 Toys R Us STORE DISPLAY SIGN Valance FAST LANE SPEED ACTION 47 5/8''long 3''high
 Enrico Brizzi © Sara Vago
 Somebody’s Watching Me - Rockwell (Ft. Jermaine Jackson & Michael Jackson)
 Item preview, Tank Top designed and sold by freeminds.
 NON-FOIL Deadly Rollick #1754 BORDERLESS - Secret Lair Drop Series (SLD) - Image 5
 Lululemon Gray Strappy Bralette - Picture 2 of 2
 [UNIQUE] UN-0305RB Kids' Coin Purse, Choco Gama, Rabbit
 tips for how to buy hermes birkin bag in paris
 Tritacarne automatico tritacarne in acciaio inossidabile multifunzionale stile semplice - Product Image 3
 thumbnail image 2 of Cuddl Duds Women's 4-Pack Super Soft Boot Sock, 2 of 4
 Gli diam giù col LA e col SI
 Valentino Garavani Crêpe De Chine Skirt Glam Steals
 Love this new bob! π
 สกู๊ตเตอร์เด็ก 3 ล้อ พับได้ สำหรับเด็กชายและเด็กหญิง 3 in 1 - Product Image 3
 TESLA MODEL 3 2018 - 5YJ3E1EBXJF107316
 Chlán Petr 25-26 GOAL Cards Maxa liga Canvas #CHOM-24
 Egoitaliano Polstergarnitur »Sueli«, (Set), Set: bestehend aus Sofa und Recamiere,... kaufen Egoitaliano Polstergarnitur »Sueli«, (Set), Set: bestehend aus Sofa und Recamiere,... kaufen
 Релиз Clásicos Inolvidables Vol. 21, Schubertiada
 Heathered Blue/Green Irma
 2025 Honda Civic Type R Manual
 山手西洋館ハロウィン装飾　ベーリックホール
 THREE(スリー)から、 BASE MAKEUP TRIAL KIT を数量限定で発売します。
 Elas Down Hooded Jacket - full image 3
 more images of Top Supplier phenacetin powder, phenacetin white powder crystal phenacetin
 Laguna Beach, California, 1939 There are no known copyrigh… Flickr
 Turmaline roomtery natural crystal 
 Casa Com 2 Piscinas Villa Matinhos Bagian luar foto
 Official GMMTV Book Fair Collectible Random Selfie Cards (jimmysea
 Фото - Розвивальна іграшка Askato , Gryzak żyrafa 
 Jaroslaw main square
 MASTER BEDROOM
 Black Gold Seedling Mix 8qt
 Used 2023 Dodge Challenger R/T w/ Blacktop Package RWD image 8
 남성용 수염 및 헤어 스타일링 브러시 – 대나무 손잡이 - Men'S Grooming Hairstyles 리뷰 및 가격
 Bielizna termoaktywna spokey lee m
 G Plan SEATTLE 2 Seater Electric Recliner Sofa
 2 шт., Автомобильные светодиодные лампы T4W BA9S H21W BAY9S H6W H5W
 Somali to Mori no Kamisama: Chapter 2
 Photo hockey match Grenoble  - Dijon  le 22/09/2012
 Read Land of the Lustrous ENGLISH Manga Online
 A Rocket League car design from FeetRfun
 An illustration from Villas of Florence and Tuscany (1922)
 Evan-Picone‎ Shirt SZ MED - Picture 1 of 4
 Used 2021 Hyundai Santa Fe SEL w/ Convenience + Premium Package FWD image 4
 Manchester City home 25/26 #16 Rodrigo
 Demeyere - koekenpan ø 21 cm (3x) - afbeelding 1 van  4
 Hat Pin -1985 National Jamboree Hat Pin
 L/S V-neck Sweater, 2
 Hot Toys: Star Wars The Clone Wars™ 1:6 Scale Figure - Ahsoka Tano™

TASK DIRECTIONS.
Whenever a line in the material contains the word "Used", copy that line.

ANSWER TO THIS PROBLEM.
 Used 2023 Dodge Challenger R/T w/ Blacktop Package RWD image 8
 Used 2021 Hyundai Santa Fe SEL w/ Convenience + Premium Package FWD image 4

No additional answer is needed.